Nothing but the data itself, reproduced exactly, is the expected answer.

BEGIN DATA FOR REVIEW

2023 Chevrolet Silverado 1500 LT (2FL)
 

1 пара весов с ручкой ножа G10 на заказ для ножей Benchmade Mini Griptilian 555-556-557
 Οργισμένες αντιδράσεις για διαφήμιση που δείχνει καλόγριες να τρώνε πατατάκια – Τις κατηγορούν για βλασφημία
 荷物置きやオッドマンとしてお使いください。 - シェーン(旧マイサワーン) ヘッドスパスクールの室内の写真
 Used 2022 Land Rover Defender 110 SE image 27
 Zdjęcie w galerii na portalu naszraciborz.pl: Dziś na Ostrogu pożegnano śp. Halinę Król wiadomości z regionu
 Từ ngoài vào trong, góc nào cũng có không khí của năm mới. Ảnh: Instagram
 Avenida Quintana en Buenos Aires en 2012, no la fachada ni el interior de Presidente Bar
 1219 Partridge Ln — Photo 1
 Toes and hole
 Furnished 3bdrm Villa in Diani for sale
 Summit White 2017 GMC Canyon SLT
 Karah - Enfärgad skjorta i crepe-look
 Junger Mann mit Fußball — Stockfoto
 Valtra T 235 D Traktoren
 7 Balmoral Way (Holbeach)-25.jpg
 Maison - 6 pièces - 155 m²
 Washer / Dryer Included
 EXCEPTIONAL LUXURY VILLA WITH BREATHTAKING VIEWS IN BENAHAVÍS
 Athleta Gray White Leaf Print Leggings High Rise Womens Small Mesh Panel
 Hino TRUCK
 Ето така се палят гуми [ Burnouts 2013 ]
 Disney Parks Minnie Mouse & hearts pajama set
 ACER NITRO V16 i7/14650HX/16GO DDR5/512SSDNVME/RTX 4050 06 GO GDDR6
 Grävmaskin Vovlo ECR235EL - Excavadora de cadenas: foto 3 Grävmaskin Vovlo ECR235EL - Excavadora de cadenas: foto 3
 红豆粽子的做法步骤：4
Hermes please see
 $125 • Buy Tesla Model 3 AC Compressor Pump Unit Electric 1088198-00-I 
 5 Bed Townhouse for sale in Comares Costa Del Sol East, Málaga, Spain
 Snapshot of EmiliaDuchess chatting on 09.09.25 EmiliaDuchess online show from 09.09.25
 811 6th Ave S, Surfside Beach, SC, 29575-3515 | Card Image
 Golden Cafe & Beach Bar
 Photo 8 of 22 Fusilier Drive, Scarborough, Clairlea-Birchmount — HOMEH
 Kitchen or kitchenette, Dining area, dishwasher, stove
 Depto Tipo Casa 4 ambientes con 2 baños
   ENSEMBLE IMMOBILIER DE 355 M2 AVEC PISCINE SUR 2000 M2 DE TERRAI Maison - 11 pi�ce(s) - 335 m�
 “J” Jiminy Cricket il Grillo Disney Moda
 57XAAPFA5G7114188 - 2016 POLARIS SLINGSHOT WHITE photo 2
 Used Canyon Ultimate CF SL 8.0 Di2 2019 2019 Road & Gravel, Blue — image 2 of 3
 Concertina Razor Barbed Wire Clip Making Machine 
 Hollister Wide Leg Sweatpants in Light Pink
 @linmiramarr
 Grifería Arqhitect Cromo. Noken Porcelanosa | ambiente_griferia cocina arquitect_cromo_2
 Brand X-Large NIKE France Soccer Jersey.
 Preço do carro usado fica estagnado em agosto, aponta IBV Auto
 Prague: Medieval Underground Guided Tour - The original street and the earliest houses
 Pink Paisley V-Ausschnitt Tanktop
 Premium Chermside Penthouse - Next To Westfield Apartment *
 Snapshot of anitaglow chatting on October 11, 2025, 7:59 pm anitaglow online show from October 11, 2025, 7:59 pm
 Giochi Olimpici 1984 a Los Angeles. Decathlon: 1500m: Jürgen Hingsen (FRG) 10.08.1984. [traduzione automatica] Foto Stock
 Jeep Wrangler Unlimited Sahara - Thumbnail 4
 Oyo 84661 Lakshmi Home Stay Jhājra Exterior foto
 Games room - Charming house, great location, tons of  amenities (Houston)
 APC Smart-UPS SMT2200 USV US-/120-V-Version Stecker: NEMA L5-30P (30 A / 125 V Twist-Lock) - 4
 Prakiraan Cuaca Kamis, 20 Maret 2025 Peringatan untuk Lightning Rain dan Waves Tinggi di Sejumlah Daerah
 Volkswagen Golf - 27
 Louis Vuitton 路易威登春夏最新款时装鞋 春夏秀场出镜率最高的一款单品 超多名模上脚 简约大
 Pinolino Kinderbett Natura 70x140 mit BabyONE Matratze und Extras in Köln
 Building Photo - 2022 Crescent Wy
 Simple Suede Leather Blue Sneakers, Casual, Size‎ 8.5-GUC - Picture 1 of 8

END DATA FOR REVIEW

■ **ANSWER TO THE EXERCISE**:
2023 Chevrolet Silverado 1500 LT (2FL)
 

1 пара весов с ручкой ножа G10 на заказ для ножей Benchmade Mini Griptilian 555-556-557
 Οργισμένες αντιδράσεις για διαφήμιση που δείχνει καλόγριες να τρώνε πατατάκια – Τις κατηγορούν για βλασφημία
 荷物置きやオッドマンとしてお使いください。 - シェーン(旧マイサワーン) ヘッドスパスクールの室内の写真
 Used 2022 Land Rover Defender 110 SE image 27
 Zdjęcie w galerii na portalu naszraciborz.pl: Dziś na Ostrogu pożegnano śp. Halinę Król wiadomości z regionu
 Từ ngoài vào trong, góc nào cũng có không khí của năm mới. Ảnh: Instagram
 Avenida Quintana en Buenos Aires en 2012, no la fachada ni el interior de Presidente Bar
 1219 Partridge Ln — Photo 1
 Toes and hole
 Furnished 3bdrm Villa in Diani for sale
 Summit White 2017 GMC Canyon SLT
 Karah - Enfärgad skjorta i crepe-look
 Junger Mann mit Fußball — Stockfoto
 Valtra T 235 D Traktoren
 7 Balmoral Way (Holbeach)-25.jpg
 Maison - 6 pièces - 155 m²
 Washer / Dryer Included
 EXCEPTIONAL LUXURY VILLA WITH BREATHTAKING VIEWS IN BENAHAVÍS
 Athleta Gray White Leaf Print Leggings High Rise Womens Small Mesh Panel
 Hino TRUCK
 Ето така се палят гуми [ Burnouts 2013 ]
 Disney Parks Minnie Mouse & hearts pajama set
 ACER NITRO V16 i7/14650HX/16GO DDR5/512SSDNVME/RTX 4050 06 GO GDDR6
 Grävmaskin Vovlo ECR235EL - Excavadora de cadenas: foto 3 Grävmaskin Vovlo ECR235EL - Excavadora de cadenas: foto 3
 红豆粽子的做法步骤：4
Hermes please see
 $125 • Buy Tesla Model 3 AC Compressor Pump Unit Electric 1088198-00-I 
 5 Bed Townhouse for sale in Comares Costa Del Sol East, Málaga, Spain
 Snapshot of EmiliaDuchess chatting on 09.09.25 EmiliaDuchess online show from 09.09.25
 811 6th Ave S, Surfside Beach, SC, 29575-3515 | Card Image
 Golden Cafe & Beach Bar
 Photo 8 of 22 Fusilier Drive, Scarborough, Clairlea-Birchmount — HOMEH
 Kitchen or kitchenette, Dining area, dishwasher, stove
 Depto Tipo Casa 4 ambientes con 2 baños
   ENSEMBLE IMMOBILIER DE 355 M2 AVEC PISCINE SUR 2000 M2 DE TERRAI Maison - 11 pi�ce(s) - 335 m�
 “J” Jiminy Cricket il Grillo Disney Moda
 57XAAPFA5G7114188 - 2016 POLARIS SLINGSHOT WHITE photo 2
 Used Canyon Ultimate CF SL 8.0 Di2 2019 2019 Road & Gravel, Blue — image 2 of 3
 Concertina Razor Barbed Wire Clip Making Machine 
 Hollister Wide Leg Sweatpants in Light Pink
 @linmiramarr
 Grifería Arqhitect Cromo. Noken Porcelanosa | ambiente_griferia cocina arquitect_cromo_2
 Brand X-Large NIKE France Soccer Jersey.
 Preço do carro usado fica estagnado em agosto, aponta IBV Auto
 Prague: Medieval Underground Guided Tour - The original street and the earliest houses
 Pink Paisley V-Ausschnitt Tanktop
 Premium Chermside Penthouse - Next To Westfield Apartment *
 Snapshot of anitaglow chatting on October 11, 2025, 7:59 pm anitaglow online show from October 11, 2025, 7:59 pm
 Giochi Olimpici 1984 a Los Angeles. Decathlon: 1500m: Jürgen Hingsen (FRG) 10.08.1984. [traduzione automatica] Foto Stock
 Jeep Wrangler Unlimited Sahara - Thumbnail 4
 Oyo 84661 Lakshmi Home Stay Jhājra Exterior foto
 Games room - Charming house, great location, tons of  amenities (Houston)
 APC Smart-UPS SMT2200 USV US-/120-V-Version Stecker: NEMA L5-30P (30 A / 125 V Twist-Lock) - 4
 Prakiraan Cuaca Kamis, 20 Maret 2025 Peringatan untuk Lightning Rain dan Waves Tinggi di Sejumlah Daerah
 Volkswagen Golf - 27
 Louis Vuitton 路易威登春夏最新款时装鞋 春夏秀场出镜率最高的一款单品 超多名模上脚 简约大
 Pinolino Kinderbett Natura 70x140 mit BabyONE Matratze und Extras in Köln
 Building Photo - 2022 Crescent Wy
 Simple Suede Leather Blue Sneakers, Casual, Size‎ 8.5-GUC - Picture 1 of 8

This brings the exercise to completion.